Before joining UT in 2013, Dr. Olmstead was a senior fellow (2013) and fellow (2010–13) at RFF, as well as associate professor (2007–10) and assistant professor (2002–07) of environmental economics at the Yale School of Forestry and Environmental Studies. She is currently an editor of the Journal of the Association of Environmental and Resource Economists. She has also served as vice president and a member of the board of directors of the Association of Environmental and Resource Economists, as associate editor of Water Resources Research, as co-editor of Environmental and Resource Economics, book review editor of Water Economics and Policy, and as editorial council member for the Journal of the Association of Environmental and Resource Economists. Dr. Olmstead holds a Ph.D. in public policy from Harvard University (2002), a master’s in public affairs from The University of Texas at Austin (1996) and a B.A. from the University of Virginia (1992).

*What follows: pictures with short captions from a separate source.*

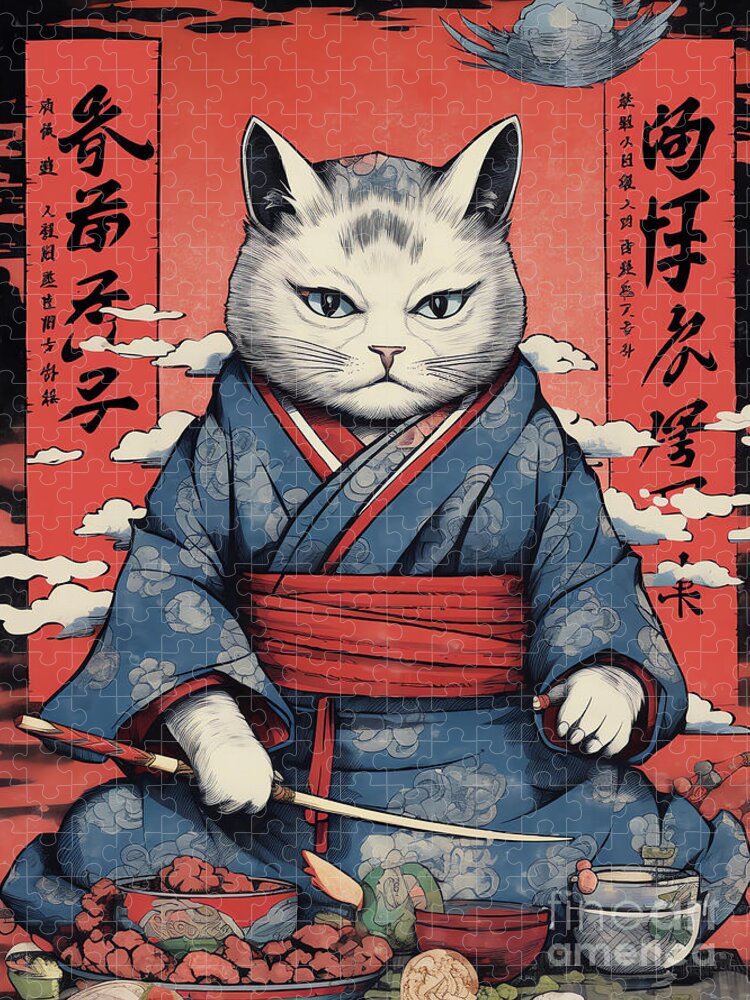 Kimono-Clad Cat Jigsaw Puzzle: Whisker Wonderland by Carlos V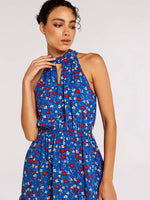Load image into Gallery viewer, Floral Halter Neck Dress in Blue
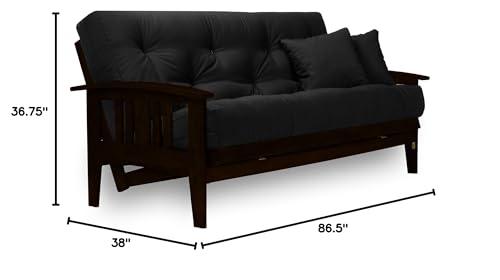 Nirvana Futons Westfield Rich Espresso Futon Frame (Large Queen Size, Warm Black Finish) Made of Solid Wood, Mission Style Futon Sofa Sleeper with Curved Arms Nirvana Futons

Does drought reduce economic activity?
This paper examines the global effects of droughts on economic activity, proxied by remote-sensed nighttime lights data. We use two different, comprehensive indices of drought severity, one remote-sensed and one constructed from ground-sensed meteorological data, contributing to a literature on climate extremes that has previously focused on precipitation, rather than drought. Results suggest that moderate-or-worse droughts in the current year reduce luminosity by about 1 percent, with smaller but statistically significant impacts under even mild and incipient drought conditions. We estimate some lagged effects as well; moderate-or-worse droughts may reduce lights up to four years after they occur. We also test for mediating effects of access to groundwater resources of varying quality and access to reservoirs impounded by dams. We find evidence consistent with both groundwater and dams mitigating droughts’ economic impacts, though some of these results are not fully robust to the choice of drought index.